* Input for this task
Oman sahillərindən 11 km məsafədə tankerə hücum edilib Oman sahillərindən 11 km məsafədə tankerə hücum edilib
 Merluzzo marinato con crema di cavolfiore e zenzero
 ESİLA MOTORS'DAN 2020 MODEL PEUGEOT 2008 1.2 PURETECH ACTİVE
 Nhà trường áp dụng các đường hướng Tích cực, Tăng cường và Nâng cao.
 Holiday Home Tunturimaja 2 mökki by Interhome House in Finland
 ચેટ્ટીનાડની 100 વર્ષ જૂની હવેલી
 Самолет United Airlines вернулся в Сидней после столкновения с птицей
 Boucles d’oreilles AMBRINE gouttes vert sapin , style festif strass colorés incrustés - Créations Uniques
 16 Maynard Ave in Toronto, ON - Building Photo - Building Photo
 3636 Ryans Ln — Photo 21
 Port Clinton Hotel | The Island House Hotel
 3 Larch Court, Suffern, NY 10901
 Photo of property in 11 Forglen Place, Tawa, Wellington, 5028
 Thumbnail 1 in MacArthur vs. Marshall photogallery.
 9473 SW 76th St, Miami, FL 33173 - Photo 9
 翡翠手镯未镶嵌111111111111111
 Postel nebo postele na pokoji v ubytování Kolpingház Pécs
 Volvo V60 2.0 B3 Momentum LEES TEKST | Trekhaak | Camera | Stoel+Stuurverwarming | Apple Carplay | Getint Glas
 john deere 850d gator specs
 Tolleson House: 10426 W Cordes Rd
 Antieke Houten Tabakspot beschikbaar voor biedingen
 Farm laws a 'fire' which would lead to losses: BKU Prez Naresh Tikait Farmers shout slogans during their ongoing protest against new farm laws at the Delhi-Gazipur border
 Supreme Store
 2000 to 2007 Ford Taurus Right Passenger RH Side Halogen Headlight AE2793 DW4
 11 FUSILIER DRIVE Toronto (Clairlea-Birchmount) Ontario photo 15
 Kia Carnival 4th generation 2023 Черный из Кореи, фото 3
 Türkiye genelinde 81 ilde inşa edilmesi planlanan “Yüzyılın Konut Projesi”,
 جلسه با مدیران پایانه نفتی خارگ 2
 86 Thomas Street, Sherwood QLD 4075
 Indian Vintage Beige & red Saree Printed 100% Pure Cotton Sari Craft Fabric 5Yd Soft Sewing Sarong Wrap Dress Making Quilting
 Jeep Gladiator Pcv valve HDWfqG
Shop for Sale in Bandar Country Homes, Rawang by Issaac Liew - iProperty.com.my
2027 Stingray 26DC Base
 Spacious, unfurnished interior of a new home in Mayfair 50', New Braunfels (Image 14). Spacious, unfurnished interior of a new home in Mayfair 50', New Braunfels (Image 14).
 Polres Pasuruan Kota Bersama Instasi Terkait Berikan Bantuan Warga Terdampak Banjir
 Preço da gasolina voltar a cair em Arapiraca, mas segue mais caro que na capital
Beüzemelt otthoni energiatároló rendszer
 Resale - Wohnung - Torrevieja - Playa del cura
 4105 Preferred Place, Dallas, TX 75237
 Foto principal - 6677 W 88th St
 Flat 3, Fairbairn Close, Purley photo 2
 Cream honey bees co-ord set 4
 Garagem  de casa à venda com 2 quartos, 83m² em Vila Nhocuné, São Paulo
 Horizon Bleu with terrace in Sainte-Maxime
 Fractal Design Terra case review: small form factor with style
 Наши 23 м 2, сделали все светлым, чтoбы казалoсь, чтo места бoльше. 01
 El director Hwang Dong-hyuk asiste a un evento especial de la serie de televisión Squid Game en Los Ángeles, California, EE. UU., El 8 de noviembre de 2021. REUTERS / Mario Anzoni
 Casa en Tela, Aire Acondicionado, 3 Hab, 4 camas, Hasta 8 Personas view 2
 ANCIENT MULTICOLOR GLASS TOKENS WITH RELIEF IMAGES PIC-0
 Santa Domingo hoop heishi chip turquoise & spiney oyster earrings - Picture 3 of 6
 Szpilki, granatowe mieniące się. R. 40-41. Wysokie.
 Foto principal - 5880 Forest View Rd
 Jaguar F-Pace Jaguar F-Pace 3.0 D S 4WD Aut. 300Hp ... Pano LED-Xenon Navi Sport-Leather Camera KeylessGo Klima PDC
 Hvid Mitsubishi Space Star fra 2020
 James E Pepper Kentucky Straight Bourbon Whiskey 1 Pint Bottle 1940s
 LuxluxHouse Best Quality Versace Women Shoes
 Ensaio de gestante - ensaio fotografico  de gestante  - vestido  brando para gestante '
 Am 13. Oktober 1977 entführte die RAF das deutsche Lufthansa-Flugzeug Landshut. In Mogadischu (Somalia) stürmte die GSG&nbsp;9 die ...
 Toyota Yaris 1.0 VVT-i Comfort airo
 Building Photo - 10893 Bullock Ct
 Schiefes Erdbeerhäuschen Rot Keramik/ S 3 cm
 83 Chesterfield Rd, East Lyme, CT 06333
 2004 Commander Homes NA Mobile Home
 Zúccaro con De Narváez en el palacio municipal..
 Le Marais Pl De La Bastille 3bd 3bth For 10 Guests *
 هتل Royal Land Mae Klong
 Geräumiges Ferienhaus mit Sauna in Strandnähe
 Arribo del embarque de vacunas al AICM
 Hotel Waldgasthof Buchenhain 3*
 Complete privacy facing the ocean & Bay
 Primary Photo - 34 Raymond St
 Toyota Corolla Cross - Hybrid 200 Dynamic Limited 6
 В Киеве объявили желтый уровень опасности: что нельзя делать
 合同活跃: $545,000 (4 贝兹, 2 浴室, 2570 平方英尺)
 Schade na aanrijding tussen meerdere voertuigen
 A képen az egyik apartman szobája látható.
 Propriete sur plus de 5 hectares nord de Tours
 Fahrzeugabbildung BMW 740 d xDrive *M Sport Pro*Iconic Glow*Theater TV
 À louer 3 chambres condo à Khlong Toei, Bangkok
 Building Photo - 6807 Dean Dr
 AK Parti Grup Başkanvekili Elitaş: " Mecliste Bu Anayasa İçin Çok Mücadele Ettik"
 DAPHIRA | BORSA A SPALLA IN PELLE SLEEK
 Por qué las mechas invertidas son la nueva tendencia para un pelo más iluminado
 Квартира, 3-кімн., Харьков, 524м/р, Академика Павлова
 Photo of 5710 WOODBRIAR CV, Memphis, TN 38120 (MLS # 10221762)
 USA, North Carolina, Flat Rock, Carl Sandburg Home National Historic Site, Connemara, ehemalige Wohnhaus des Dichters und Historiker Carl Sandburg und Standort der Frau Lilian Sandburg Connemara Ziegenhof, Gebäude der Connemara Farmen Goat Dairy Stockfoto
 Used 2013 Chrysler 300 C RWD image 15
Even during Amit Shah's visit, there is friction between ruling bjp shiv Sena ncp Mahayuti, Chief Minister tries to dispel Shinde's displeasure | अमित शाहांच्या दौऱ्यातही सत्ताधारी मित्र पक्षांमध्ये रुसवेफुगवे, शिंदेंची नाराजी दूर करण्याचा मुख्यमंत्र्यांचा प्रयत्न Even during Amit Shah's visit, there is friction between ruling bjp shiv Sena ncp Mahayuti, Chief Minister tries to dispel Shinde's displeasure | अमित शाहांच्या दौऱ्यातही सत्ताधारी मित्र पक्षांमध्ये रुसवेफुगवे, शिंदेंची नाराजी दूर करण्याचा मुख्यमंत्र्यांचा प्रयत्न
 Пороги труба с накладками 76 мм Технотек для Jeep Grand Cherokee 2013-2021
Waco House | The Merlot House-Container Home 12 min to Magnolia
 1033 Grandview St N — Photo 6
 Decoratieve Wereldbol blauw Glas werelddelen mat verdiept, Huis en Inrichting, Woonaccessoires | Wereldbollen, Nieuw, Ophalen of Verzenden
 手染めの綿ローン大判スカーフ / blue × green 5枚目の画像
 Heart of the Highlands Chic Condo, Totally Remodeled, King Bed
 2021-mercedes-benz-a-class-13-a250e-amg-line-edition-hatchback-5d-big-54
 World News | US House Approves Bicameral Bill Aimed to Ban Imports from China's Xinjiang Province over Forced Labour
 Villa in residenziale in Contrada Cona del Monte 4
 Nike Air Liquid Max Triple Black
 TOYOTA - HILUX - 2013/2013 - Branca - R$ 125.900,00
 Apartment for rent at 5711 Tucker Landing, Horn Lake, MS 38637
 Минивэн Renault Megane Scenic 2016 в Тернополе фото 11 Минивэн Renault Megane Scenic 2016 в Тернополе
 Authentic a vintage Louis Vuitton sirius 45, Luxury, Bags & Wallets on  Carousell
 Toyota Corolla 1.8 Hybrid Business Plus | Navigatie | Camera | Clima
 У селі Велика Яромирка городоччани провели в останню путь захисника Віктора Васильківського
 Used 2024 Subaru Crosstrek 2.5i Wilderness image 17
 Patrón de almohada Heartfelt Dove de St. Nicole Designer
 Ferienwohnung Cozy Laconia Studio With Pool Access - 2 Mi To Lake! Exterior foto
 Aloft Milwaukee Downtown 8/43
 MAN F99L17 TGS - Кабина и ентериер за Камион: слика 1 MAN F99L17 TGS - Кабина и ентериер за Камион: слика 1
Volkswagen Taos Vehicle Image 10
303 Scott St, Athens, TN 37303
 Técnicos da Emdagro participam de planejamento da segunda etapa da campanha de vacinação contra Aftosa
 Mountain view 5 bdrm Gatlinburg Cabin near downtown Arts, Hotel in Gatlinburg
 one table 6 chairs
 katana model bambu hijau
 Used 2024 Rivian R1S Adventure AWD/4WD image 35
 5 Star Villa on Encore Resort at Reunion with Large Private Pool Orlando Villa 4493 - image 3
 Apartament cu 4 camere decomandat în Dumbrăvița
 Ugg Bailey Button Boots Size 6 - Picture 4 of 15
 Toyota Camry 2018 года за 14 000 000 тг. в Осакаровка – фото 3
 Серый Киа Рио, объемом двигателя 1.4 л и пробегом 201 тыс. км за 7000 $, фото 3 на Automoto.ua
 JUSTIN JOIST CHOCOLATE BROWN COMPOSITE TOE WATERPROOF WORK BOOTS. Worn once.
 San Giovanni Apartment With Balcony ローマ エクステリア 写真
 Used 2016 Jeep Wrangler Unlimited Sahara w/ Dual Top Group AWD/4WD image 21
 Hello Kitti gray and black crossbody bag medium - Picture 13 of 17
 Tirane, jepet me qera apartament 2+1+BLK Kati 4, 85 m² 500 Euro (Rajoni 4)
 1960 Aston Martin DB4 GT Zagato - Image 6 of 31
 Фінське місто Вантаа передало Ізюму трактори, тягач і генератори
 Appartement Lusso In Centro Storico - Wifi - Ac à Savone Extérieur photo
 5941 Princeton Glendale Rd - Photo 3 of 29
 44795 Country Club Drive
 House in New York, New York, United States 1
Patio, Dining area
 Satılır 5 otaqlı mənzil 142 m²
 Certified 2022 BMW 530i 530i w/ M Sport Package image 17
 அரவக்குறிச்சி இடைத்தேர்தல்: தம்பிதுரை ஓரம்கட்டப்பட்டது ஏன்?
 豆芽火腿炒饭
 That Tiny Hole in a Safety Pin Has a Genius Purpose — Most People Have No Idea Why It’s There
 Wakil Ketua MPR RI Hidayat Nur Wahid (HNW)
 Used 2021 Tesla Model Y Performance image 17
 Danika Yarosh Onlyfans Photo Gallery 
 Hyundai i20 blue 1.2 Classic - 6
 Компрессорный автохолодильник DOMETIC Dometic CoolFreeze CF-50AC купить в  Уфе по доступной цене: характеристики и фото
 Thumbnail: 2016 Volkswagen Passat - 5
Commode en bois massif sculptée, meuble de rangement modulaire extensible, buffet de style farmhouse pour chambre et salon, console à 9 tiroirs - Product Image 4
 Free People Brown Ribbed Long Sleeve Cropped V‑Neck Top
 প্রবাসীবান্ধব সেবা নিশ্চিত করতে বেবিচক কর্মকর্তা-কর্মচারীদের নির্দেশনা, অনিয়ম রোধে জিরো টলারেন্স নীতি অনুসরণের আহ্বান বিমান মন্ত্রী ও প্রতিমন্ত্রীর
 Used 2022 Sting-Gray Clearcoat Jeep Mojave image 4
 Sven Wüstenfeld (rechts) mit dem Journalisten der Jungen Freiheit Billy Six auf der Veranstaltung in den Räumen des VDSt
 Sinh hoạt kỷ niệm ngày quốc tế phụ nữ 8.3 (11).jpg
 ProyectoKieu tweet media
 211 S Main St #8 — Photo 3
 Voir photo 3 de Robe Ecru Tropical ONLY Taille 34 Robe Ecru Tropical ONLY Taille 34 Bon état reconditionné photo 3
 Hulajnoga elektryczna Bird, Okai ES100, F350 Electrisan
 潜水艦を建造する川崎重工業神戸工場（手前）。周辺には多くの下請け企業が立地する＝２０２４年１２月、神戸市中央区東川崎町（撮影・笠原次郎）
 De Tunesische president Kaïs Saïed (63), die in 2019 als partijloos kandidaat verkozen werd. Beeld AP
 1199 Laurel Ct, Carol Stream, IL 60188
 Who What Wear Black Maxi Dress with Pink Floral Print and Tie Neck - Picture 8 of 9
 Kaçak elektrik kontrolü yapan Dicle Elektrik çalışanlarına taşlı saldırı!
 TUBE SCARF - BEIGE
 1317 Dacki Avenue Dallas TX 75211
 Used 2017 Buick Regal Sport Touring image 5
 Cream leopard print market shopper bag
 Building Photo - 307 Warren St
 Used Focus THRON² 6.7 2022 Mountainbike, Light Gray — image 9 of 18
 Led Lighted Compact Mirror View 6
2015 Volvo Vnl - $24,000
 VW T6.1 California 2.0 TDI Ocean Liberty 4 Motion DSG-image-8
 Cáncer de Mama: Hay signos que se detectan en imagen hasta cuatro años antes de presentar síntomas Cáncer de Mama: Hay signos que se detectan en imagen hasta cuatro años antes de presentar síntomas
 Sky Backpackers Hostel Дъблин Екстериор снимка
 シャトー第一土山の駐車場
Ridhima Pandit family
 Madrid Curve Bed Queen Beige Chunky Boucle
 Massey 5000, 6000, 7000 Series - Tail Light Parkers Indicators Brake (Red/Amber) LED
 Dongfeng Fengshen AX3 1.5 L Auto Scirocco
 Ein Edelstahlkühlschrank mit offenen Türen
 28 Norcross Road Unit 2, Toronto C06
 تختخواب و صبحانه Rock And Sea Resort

* Brief
Would you output, from the records above, exactly the run of lines that starts at the line containing "2004 Commander Homes NA Mobile Home" and ends at the line containing "AK Parti Grup", and only that run?

* Your response
 2004 Commander Homes NA Mobile Home
 Zúccaro con De Narváez en el palacio municipal..
 Le Marais Pl De La Bastille 3bd 3bth For 10 Guests *
 هتل Royal Land Mae Klong
 Geräumiges Ferienhaus mit Sauna in Strandnähe
 Arribo del embarque de vacunas al AICM
 Hotel Waldgasthof Buchenhain 3*
 Complete privacy facing the ocean & Bay
 Primary Photo - 34 Raymond St
 Toyota Corolla Cross - Hybrid 200 Dynamic Limited 6
 В Киеве объявили желтый уровень опасности: что нельзя делать
 合同活跃: $545,000 (4 贝兹, 2 浴室, 2570 平方英尺)
 Schade na aanrijding tussen meerdere voertuigen
 A képen az egyik apartman szobája látható.
 Propriete sur plus de 5 hectares nord de Tours
 Fahrzeugabbildung BMW 740 d xDrive *M Sport Pro*Iconic Glow*Theater TV
 À louer 3 chambres condo à Khlong Toei, Bangkok
 Building Photo - 6807 Dean Dr
 AK Parti Grup Başkanvekili Elitaş: " Mecliste Bu Anayasa İçin Çok Mücadele Ettik"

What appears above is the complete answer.